The air grew chilly, and I pulled the collar of my coat up around my neck. Sid sat behind me, as still as the stone beneath us. My mind wandered, and I found myself reliving snatches of memory. The dragons on the Golden Gate Bridge, the Moj hordes appearing in North Carolina and Texas, and kaiju rising from the sea. I remembered the day the Alvehn came and saved us from the Moj. I remembered fighting in the unit of militia my father formed when the black drakes appeared. I recalled his death, sometime later, as we fought the Moj. For not the first time, I took comfort in the knowledge that his sacrifice had saved a city. I contemplated many things from my past, that night; the beauty and love, the horror and grief, and the sheer wonder of the multiverse. It defies my meager skill with words.
I remained awake and at her back all through her vigil.

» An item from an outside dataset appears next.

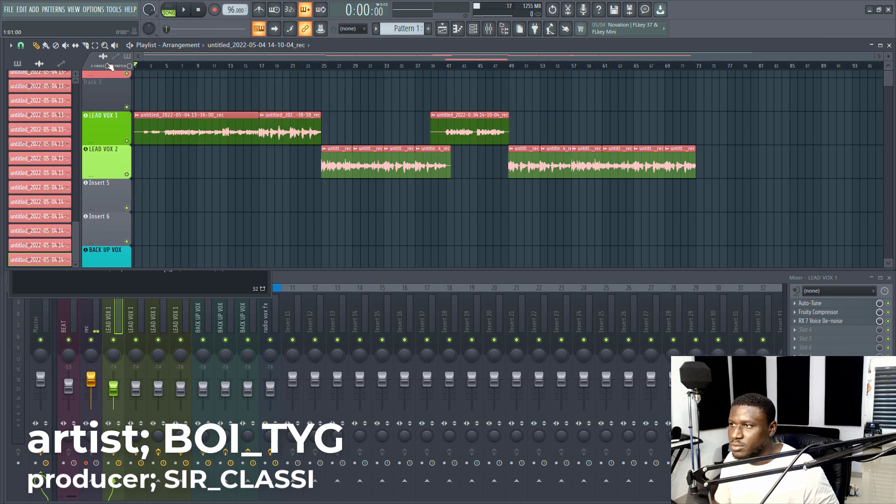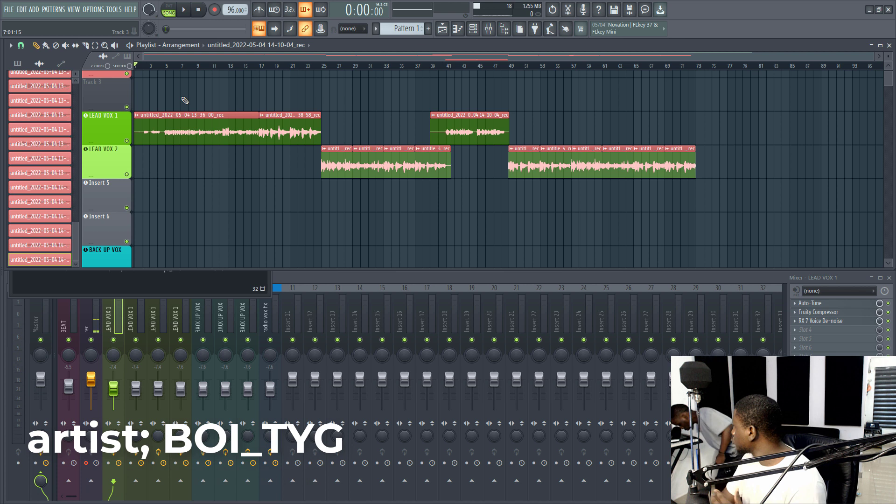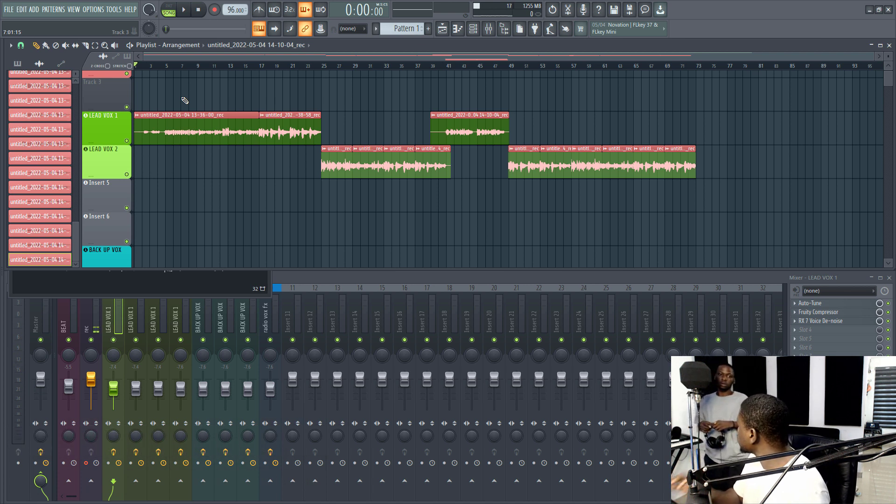All right, let's record backup vocals now. We'll start from the beginning. I'll just allow you to run through and freestyle — get some parts where you want first. I'll play it back and you just enter, then we'll pick the parts where it makes sense and develop them more. Even if you make mistakes, don't stop. Just keep going.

Instead of falling asleep, I seemed to enter a strange sort of mental state that was neither wakeful nor unconscious. It was awareness and feeling only, without thought. My wandering recollections faded away. I was aware of the quiet night, and of the woman who sat behind me. Acutely aware of Sidraytha. Somehow, though we faced away from each other, I knew she remained awake. Time became a single, eternal moment; reality was as crystal clear as the stars overhead.
The sky was growing pale to the east. I watched as the stars faded and the thin, pale crescent of the old moon rose ahead of the dawn. Birds called out to each other in shrill, bubbling whistles from the shadowy land around us. The sky grew steadily brighter and more birds joined that dawn chorus. It seemed to take forever, but at last a fiery sliver of light burst over the rim of the world. In a moment it was too bright to look at directly, and in the fullness of time, the sun rose above the horizon. The vigil had ended.
Feeling stiff and a little shaky, I got my knees under me and turned toward Sid. “It’s done,” I said. I looked up into the sky, stretching my back, and saw gryphons circling overhead. They were still watching us. I had no problem with that, not after what had happened.
Sid let go a deep sigh and bent forward a little, then nodded. “It is done,” she agreed, and though she needed no assistance, accepted my hand as I helped her stand.
“Are you okay?” I asked.
“Yes,” she said with another nod. “It would seem the God and Goddess share your judgment of me, Daffyd.” And she smiled, then stepped forward and kissed me. It was a brief kiss, and after it we just stood there, holding each other for a moment as the day brightened around us.
I saw our companions just as she turned from me, and knew she did so as well when she let out a little gasp of surprise. There, on the rocks below us, with lanterns and candles and green glow lights that all still gleamed or flickered in the shadows cast by the hill, were what appeared to be most of the caravan’s company. Closest were Korl, Tensta, and Trey; arrayed around them were most of the surviving caravan guards. Not far down the hill I saw Grevin, the Prince, and the rest of the players. Master and Mistress Malley stood close together, holding hands. Beyond them, the rocks were liberally sprinkled with people, looking up at us. All of them looked utterly exhausted.
Our fellow travelers, aware of what Sid needed to do, and why, had chosen to keep the watch with me.
Sid stared out over them for a moment, speechless, then as tears spilled from her eyes she made the sign of the Two over them. After that, she went down on one knee and bowed her head.
I knelt beside her, and did the same.